*YOUR OBJECTIVE:* Nothing but the lines from the one holding "istock Military undersea" through the last line of the material below should be set down, exactly and without images.

*MATERIAL SUPPLIED:*

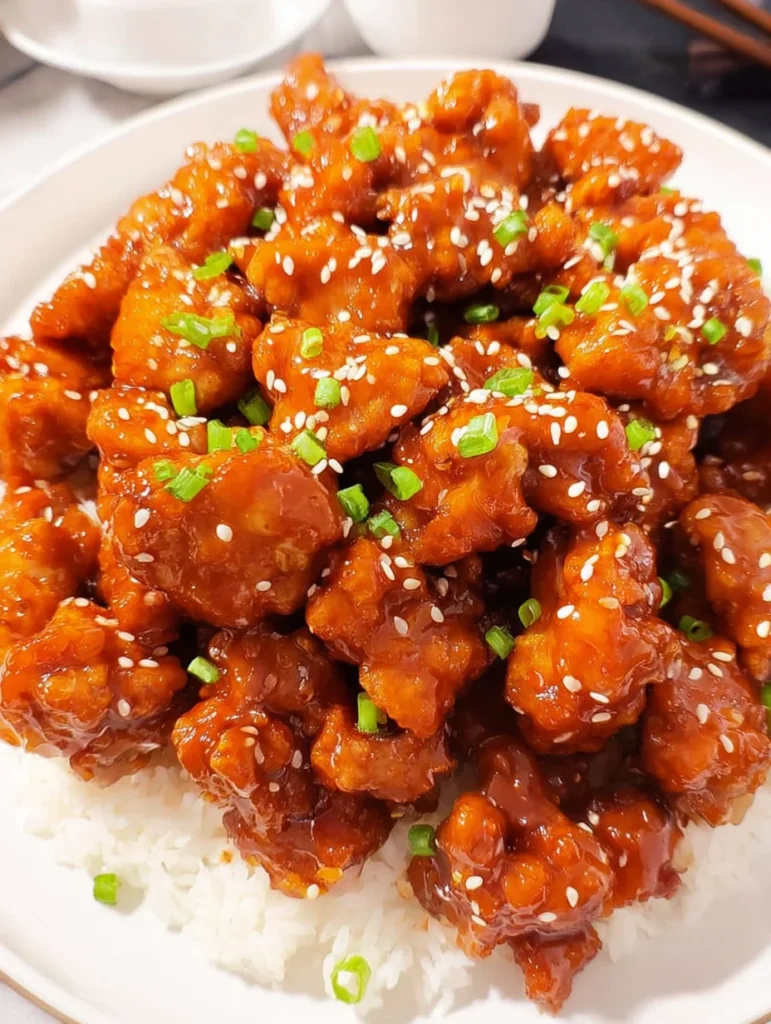 Easy Sesame Chicken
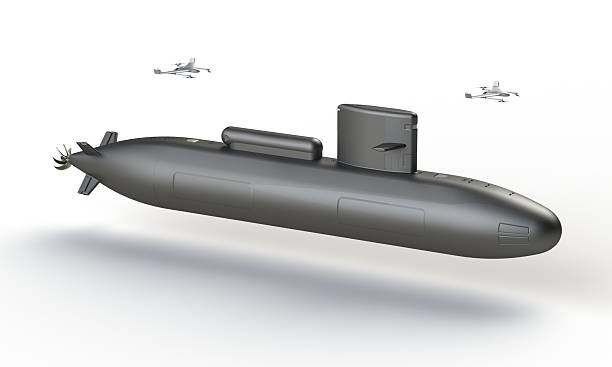 istock Military undersea submarine 2231061617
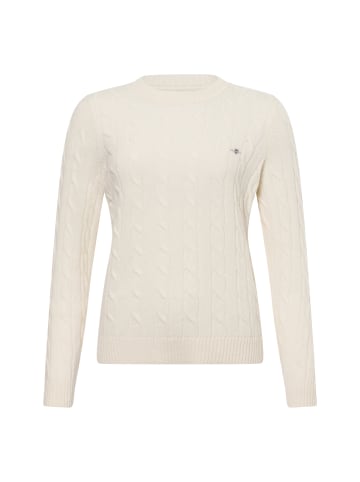 Gant Strickpullover in beige - 0001
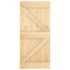 vidaXL Door NARVIK 95x210 cm Solid Wood Pine - Image 5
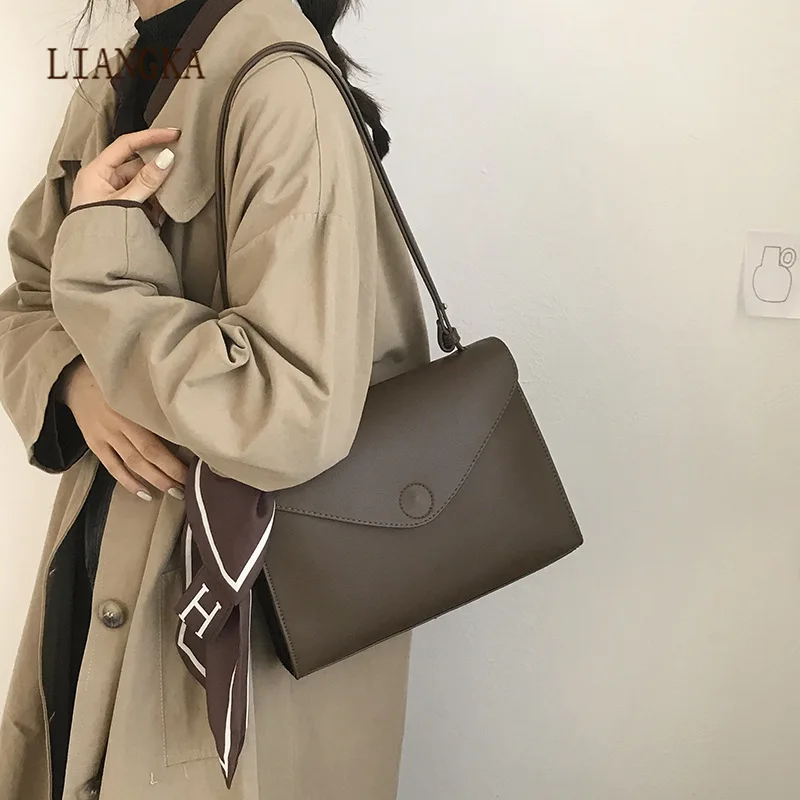 

High Quality Women Small Pu Leather Shoulder Bag Fashion Ladies Handbags Messenger Bags Designer Crossbody Bags for Women 2021
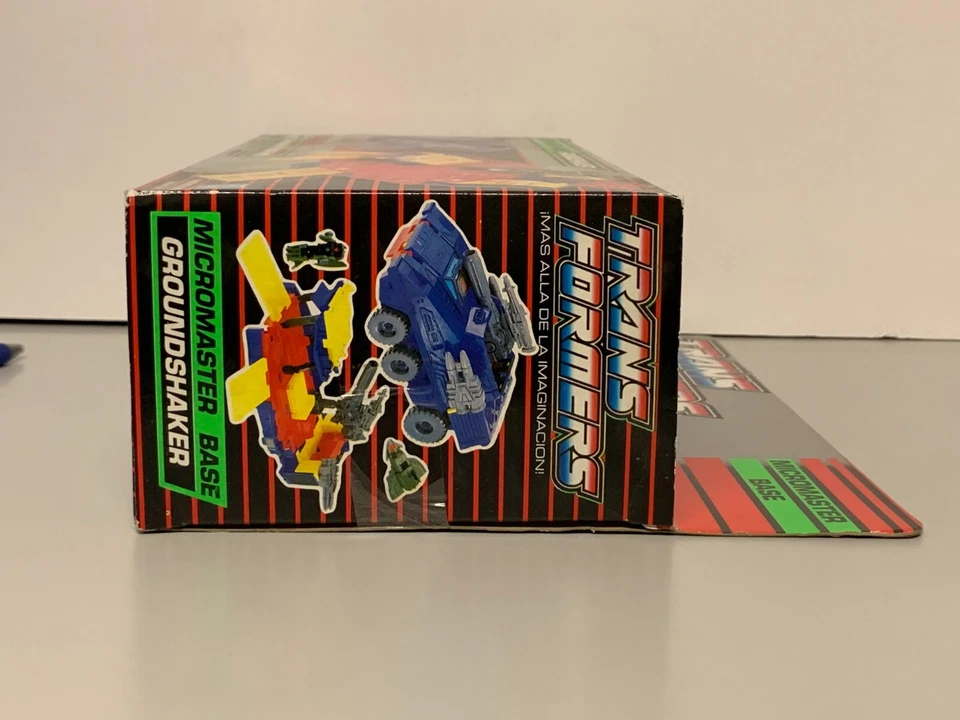Transformers Micromaster G1 Autobot Base Groundshaker 1990 Takara Hasbro - BNIB - Imagen 3 de 4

*TASK SOLUTION:*
 istock Military undersea submarine 2231061617
 Gant Strickpullover in beige - 0001
 vidaXL Door NARVIK 95x210 cm Solid Wood Pine - Image 5

High Quality Women Small Pu Leather Shoulder Bag Fashion Ladies Handbags Messenger Bags Designer Crossbody Bags for Women 2021
Transformers Micromaster G1 Autobot Base Groundshaker 1990 Takara Hasbro - BNIB - Imagen 3 de 4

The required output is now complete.